News of Harry's deployment immediately became sensational news here and rekindled an emotional debate about whether the red-haired second son of Prince Charles and Princess Diana should be risking his life in war.

When the news was posted Thursday on the Drudge Report Web site, British newspapers and television stations instantly rolled out extensive special reports on the first British royal to see combat since the Falklands War more than 25 years ago.

Those reports included lengthy taped interviews with Harry just before his deployment in December and last week at his Afghan base. Photos and video showed Harry firing a machine gun, patrolling on foot in full combat gear in an Afghan village and washing his socks in a camp sink.

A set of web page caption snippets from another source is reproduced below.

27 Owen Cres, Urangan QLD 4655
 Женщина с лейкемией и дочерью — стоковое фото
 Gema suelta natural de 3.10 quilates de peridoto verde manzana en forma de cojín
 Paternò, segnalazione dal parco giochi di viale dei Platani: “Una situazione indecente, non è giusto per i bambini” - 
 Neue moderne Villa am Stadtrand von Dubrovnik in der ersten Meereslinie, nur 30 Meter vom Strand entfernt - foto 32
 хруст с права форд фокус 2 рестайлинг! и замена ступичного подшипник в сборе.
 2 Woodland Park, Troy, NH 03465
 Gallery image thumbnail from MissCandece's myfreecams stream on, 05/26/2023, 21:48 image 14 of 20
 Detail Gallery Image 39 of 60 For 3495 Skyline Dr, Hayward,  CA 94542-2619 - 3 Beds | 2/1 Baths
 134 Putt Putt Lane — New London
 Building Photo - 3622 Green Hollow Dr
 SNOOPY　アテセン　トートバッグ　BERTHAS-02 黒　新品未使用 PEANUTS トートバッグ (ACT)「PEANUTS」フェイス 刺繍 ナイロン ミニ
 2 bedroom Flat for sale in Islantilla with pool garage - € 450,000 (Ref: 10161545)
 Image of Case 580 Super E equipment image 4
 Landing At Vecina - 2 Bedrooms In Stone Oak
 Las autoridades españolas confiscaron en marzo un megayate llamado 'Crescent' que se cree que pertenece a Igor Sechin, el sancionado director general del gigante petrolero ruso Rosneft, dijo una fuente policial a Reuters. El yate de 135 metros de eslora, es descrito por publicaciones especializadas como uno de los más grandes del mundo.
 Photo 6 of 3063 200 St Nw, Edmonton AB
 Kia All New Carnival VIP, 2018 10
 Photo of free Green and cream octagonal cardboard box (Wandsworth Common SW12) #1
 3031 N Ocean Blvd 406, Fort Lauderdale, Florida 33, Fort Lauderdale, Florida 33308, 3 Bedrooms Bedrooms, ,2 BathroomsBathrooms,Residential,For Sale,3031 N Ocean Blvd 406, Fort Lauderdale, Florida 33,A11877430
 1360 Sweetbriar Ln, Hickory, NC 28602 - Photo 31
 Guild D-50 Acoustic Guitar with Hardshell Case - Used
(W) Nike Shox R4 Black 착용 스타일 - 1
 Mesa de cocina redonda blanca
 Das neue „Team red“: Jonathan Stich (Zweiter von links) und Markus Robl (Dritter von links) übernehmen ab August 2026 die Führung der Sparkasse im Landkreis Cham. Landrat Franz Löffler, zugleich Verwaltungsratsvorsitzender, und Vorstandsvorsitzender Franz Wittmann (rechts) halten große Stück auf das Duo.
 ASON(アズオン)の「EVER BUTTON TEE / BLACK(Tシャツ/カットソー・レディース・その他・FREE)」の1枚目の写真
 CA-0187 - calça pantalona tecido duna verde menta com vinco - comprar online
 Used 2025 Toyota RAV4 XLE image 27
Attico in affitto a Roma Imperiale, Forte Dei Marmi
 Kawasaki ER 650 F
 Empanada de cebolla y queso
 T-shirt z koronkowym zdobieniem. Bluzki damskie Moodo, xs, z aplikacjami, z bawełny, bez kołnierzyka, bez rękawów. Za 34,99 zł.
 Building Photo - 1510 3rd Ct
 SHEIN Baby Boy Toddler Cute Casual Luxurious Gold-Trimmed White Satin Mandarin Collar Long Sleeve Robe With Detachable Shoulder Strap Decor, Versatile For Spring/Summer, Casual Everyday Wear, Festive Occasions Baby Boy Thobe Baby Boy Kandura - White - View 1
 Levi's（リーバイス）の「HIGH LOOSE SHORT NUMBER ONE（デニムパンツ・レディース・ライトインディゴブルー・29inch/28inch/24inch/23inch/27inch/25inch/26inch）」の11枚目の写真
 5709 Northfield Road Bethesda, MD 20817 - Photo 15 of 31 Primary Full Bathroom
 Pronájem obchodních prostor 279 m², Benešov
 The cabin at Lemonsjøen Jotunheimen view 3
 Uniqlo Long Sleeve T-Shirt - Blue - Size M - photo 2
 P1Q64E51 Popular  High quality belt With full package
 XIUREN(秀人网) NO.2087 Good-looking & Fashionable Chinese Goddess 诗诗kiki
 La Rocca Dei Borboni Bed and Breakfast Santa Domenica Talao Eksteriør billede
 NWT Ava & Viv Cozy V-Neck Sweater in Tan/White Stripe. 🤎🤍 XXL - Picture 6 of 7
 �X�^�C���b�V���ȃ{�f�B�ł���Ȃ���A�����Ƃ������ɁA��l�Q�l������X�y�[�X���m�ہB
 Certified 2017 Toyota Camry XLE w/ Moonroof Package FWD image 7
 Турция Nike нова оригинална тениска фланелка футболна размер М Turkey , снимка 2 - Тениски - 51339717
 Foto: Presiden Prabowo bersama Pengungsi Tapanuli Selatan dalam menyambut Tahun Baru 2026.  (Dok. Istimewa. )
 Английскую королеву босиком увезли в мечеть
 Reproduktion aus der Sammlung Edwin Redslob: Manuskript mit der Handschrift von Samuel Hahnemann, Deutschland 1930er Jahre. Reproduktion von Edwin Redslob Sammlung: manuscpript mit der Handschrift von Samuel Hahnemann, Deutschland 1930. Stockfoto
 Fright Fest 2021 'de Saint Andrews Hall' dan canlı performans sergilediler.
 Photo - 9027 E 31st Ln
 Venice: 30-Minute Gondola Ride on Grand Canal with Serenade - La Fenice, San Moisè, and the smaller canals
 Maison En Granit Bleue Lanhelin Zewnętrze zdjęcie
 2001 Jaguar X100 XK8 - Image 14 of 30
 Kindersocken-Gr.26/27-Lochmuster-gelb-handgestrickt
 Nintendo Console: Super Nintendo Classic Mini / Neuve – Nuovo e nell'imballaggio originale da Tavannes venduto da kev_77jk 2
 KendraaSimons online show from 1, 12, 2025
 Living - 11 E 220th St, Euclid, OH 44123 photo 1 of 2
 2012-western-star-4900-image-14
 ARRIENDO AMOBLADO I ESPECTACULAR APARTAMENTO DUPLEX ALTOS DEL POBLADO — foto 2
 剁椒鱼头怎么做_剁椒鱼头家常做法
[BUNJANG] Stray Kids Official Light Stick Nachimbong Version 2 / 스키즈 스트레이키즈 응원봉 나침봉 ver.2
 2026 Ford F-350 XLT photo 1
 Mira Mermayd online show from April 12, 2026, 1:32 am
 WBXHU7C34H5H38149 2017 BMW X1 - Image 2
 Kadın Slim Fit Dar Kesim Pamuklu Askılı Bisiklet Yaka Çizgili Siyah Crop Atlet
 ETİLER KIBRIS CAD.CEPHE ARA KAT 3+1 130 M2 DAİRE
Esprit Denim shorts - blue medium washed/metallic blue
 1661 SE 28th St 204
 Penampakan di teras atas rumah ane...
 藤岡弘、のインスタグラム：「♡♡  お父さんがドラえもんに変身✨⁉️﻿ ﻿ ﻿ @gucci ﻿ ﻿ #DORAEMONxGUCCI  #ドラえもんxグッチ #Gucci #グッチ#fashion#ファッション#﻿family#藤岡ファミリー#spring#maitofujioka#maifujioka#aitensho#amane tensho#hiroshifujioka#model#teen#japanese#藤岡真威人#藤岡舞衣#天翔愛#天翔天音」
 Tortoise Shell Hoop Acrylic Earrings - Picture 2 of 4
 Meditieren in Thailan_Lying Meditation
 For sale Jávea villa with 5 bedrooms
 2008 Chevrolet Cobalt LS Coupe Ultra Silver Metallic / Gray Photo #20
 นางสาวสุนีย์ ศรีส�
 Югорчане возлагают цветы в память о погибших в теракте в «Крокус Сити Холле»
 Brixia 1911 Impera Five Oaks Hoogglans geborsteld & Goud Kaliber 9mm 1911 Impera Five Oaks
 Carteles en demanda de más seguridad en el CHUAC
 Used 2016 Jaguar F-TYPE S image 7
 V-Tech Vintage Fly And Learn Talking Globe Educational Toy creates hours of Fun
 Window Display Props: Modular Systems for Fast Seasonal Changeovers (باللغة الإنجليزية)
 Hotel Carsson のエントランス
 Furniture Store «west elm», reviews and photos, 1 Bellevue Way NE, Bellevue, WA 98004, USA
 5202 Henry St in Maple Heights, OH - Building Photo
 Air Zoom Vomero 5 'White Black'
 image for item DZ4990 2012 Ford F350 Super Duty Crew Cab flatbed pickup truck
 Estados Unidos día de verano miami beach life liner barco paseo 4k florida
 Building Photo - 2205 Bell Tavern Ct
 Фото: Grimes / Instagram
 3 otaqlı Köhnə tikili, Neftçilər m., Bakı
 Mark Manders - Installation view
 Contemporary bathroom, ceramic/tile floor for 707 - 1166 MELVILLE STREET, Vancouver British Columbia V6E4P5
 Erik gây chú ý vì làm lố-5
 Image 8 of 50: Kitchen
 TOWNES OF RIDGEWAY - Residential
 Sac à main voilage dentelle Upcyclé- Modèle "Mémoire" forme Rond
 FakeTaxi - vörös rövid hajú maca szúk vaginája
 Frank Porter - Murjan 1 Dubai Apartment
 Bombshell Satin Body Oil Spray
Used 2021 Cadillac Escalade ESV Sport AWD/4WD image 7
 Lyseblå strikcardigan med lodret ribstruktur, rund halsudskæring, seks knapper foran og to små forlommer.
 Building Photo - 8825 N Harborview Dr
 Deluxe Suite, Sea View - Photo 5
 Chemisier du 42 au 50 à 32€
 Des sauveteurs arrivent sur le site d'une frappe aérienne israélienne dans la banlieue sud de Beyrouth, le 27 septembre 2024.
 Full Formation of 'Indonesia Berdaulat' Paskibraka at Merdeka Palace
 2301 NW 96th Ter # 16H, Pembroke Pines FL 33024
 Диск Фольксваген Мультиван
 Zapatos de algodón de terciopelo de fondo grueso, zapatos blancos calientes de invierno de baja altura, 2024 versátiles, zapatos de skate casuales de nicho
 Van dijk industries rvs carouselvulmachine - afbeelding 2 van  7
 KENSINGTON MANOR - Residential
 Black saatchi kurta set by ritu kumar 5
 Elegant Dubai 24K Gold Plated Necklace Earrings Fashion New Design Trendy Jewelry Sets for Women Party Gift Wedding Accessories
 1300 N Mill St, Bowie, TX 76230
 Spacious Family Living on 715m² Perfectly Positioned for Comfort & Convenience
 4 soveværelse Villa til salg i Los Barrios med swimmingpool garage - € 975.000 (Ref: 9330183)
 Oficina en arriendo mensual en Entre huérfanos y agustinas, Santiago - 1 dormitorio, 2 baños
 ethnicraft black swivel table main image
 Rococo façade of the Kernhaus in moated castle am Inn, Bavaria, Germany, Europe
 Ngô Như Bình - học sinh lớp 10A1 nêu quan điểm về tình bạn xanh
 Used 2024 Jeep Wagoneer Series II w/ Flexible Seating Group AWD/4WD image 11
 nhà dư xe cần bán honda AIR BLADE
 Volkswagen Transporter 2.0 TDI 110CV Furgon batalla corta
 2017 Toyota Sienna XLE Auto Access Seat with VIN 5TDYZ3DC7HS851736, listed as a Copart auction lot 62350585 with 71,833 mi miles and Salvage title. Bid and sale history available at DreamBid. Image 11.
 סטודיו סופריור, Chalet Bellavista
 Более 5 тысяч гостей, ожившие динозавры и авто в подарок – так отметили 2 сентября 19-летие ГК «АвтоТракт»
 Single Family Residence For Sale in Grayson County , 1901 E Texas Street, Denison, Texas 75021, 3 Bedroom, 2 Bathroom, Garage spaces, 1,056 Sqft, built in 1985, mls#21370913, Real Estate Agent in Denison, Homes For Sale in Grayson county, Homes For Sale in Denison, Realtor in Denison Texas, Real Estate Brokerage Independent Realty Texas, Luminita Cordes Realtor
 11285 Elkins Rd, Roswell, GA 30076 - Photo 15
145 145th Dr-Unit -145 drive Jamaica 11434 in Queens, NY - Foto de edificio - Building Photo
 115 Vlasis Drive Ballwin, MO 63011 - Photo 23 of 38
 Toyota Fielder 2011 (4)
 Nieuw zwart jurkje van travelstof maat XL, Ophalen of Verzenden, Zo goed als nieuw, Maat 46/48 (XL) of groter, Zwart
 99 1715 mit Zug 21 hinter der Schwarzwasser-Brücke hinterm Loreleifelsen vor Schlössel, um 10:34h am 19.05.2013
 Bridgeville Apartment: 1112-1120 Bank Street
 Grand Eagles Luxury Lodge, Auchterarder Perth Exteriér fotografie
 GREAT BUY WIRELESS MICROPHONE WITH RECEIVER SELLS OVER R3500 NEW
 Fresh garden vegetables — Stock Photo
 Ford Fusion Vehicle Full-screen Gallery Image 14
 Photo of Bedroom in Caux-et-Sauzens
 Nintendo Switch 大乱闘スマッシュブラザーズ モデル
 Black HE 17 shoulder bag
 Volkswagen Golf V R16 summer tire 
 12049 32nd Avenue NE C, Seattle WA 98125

"All my wishes have come true," Harry told reporters in last week's camp interview, wearing a brown military T-shirt and camouflage pants and noting that he had not showered in four days.

"It's very nice to be sort of a normal person for once; I think it's about as normal as I'm going to get," said Harry, now addressed with his rank as Cornet Wales. "It's much better being here experiencing it rather than hearing all the stories of people coming back."

"Prince Hal at last!" said Robert Lacey, a noted royal biographer, referring to Shakespeare's famous warrior prince.

Harry's military adventures have been tabloid fodder in Britain since last year, when military commanders decided to deploy him to Iraq, then changed their minds in the face of extensive publicity. Officials said Harry could too easily become an irresistible target for enemy forces, putting himself and his fellow soldiers at unnecessary risk.

In the December interview, one of the most extensive of his life, Harry said he considered leaving the army after being denied an Iraq deployment. The reason he didn't, he said, was "the possibility of this" mission to Afghanistan.

"I would never want to put someone else's life in danger when they have to sit next to the bullet magnet," he said. "But if I'm wanted, if I'm needed, then I will serve my country as I signed up to do."

Perhaps the most startling disclosure Thursday was not that Harry finally got his wish to see combat, but that Britain's famously feisty media agreed, en masse, to keep quiet about it.